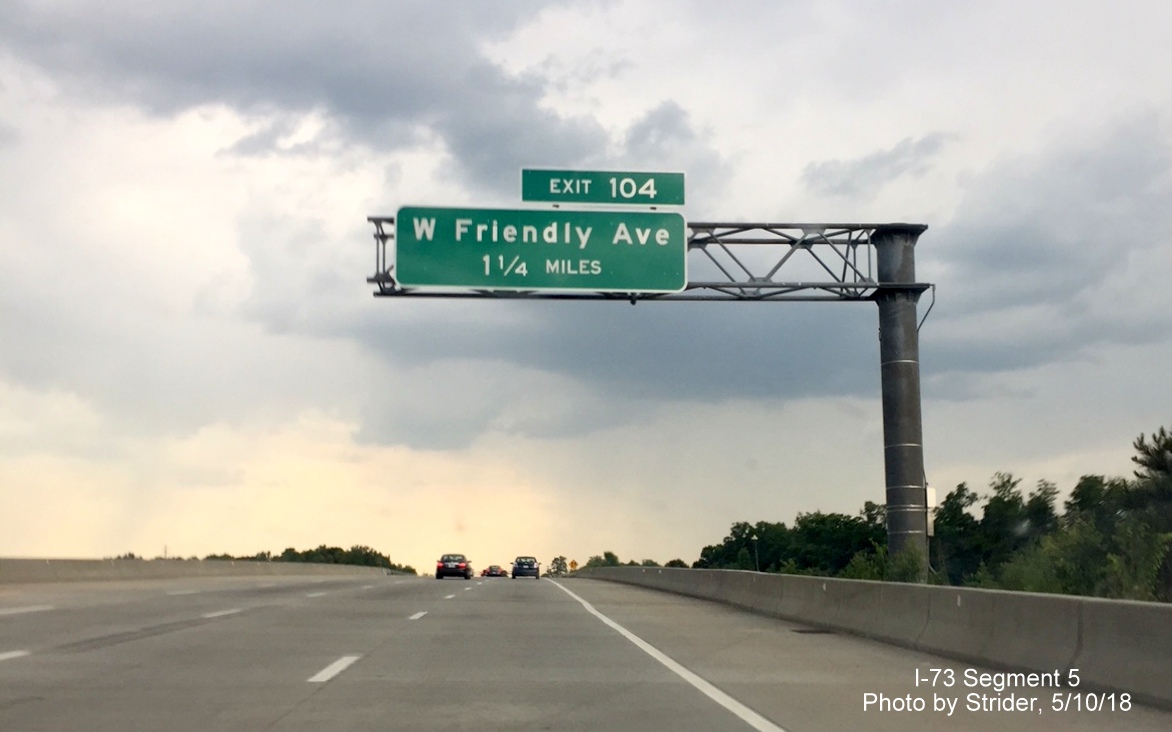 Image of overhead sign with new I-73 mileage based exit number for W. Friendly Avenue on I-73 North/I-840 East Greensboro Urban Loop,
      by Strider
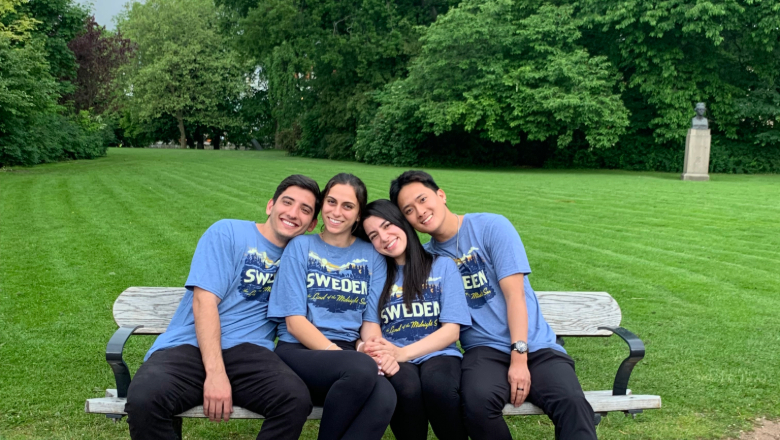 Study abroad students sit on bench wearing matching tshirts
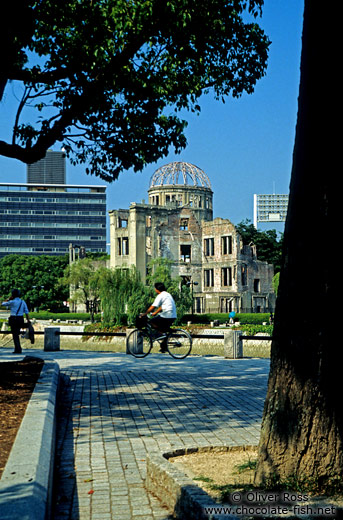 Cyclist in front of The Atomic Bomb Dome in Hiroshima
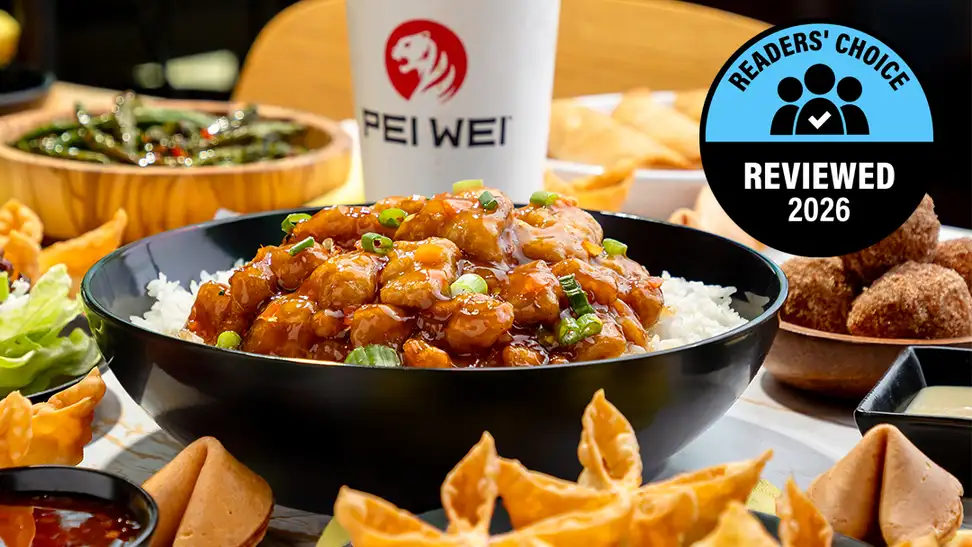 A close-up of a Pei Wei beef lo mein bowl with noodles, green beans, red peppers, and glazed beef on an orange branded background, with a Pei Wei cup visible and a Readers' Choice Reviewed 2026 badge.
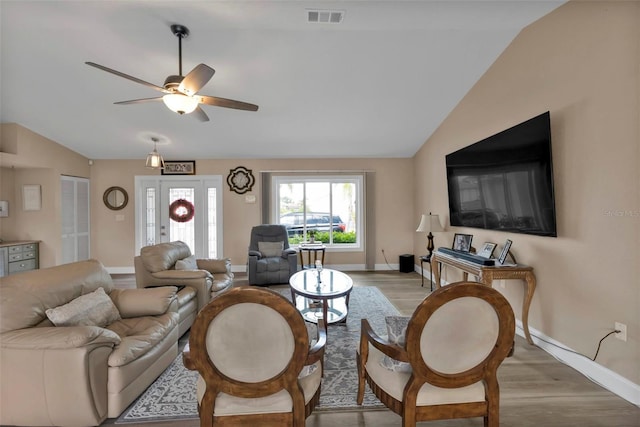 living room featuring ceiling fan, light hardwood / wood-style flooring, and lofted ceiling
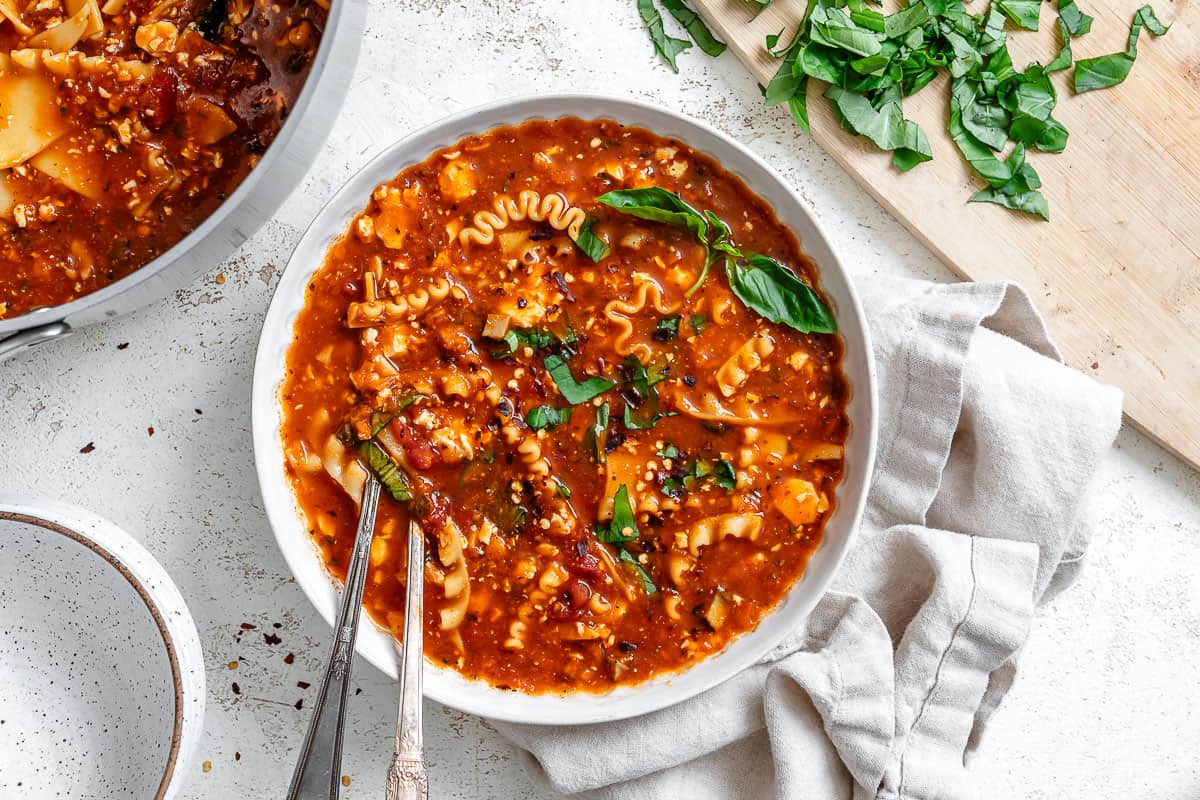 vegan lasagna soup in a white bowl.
|---|
### Problem
All pictures are to be dropped, and the records above returned exactly.

### Response below
 Image of overhead sign with new I-73 mileage based exit number for W. Friendly Avenue on I-73 North/I-840 East Greensboro Urban Loop,
      by Strider
 Study abroad students sit on bench wearing matching tshirts
 Cyclist in front of The Atomic Bomb Dome in Hiroshima
 A close-up of a Pei Wei beef lo mein bowl with noodles, green beans, red peppers, and glazed beef on an orange branded background, with a Pei Wei cup visible and a Readers' Choice Reviewed 2026 badge.
 living room featuring ceiling fan, light hardwood / wood-style flooring, and lofted ceiling
 vegan lasagna soup in a white bowl.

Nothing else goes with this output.